§ **Your assignment**:
All of the records below need to be returned exactly.

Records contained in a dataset
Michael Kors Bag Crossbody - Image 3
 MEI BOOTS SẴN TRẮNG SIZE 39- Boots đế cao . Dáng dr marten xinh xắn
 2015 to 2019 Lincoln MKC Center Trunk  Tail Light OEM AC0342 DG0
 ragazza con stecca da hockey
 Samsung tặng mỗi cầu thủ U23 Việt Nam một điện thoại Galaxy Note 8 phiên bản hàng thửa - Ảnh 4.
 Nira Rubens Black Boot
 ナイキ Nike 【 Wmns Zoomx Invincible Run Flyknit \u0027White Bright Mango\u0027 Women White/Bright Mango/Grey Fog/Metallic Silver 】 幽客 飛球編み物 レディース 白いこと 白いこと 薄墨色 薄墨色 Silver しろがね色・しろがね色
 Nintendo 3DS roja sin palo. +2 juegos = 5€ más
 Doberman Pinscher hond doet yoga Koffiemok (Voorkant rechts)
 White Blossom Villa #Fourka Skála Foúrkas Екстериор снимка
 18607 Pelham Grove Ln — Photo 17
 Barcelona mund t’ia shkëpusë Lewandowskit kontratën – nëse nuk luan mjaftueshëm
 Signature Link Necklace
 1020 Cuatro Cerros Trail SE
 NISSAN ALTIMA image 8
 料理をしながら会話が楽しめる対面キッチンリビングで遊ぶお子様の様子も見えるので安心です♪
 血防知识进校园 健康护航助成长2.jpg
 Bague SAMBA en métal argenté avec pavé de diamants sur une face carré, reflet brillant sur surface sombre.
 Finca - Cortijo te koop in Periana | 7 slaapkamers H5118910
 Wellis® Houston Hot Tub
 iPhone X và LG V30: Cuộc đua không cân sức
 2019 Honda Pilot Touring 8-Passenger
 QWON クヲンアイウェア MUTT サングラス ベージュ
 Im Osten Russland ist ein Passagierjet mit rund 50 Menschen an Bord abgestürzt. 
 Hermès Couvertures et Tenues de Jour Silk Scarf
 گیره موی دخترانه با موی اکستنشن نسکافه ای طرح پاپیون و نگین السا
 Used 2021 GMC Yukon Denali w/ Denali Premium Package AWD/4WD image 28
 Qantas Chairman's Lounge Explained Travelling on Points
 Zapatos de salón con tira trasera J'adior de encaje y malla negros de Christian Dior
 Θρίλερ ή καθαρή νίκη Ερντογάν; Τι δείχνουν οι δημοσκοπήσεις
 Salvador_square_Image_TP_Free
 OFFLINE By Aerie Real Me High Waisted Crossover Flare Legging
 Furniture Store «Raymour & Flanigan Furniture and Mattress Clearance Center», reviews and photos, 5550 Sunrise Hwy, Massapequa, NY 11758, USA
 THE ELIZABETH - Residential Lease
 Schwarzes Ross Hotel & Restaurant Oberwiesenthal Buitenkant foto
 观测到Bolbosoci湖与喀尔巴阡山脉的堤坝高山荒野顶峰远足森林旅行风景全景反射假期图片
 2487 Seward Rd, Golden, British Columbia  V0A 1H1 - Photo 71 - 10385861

§ **Response to this task**:
Michael Kors Bag Crossbody - Image 3
 MEI BOOTS SẴN TRẮNG SIZE 39- Boots đế cao . Dáng dr marten xinh xắn
 2015 to 2019 Lincoln MKC Center Trunk  Tail Light OEM AC0342 DG0
 ragazza con stecca da hockey
 Samsung tặng mỗi cầu thủ U23 Việt Nam một điện thoại Galaxy Note 8 phiên bản hàng thửa - Ảnh 4.
 Nira Rubens Black Boot
 ナイキ Nike 【 Wmns Zoomx Invincible Run Flyknit \u0027White Bright Mango\u0027 Women White/Bright Mango/Grey Fog/Metallic Silver 】 幽客 飛球編み物 レディース 白いこと 白いこと 薄墨色 薄墨色 Silver しろがね色・しろがね色
 Nintendo 3DS roja sin palo. +2 juegos = 5€ más
 Doberman Pinscher hond doet yoga Koffiemok (Voorkant rechts)
 White Blossom Villa #Fourka Skála Foúrkas Екстериор снимка
 18607 Pelham Grove Ln — Photo 17
 Barcelona mund t’ia shkëpusë Lewandowskit kontratën – nëse nuk luan mjaftueshëm
 Signature Link Necklace
 1020 Cuatro Cerros Trail SE
 NISSAN ALTIMA image 8
 料理をしながら会話が楽しめる対面キッチンリビングで遊ぶお子様の様子も見えるので安心です♪
 血防知识进校园 健康护航助成长2.jpg
 Bague SAMBA en métal argenté avec pavé de diamants sur une face carré, reflet brillant sur surface sombre.
 Finca - Cortijo te koop in Periana | 7 slaapkamers H5118910
 Wellis® Houston Hot Tub
 iPhone X và LG V30: Cuộc đua không cân sức
 2019 Honda Pilot Touring 8-Passenger
 QWON クヲンアイウェア MUTT サングラス ベージュ
 Im Osten Russland ist ein Passagierjet mit rund 50 Menschen an Bord abgestürzt. 
 Hermès Couvertures et Tenues de Jour Silk Scarf
 گیره موی دخترانه با موی اکستنشن نسکافه ای طرح پاپیون و نگین السا
 Used 2021 GMC Yukon Denali w/ Denali Premium Package AWD/4WD image 28
 Qantas Chairman's Lounge Explained Travelling on Points
 Zapatos de salón con tira trasera J'adior de encaje y malla negros de Christian Dior
 Θρίλερ ή καθαρή νίκη Ερντογάν; Τι δείχνουν οι δημοσκοπήσεις
 Salvador_square_Image_TP_Free
 OFFLINE By Aerie Real Me High Waisted Crossover Flare Legging
 Furniture Store «Raymour & Flanigan Furniture and Mattress Clearance Center», reviews and photos, 5550 Sunrise Hwy, Massapequa, NY 11758, USA
 THE ELIZABETH - Residential Lease
 Schwarzes Ross Hotel & Restaurant Oberwiesenthal Buitenkant foto
 观测到Bolbosoci湖与喀尔巴阡山脉的堤坝高山荒野顶峰远足森林旅行风景全景反射假期图片
 2487 Seward Rd, Golden, British Columbia  V0A 1H1 - Photo 71 - 10385861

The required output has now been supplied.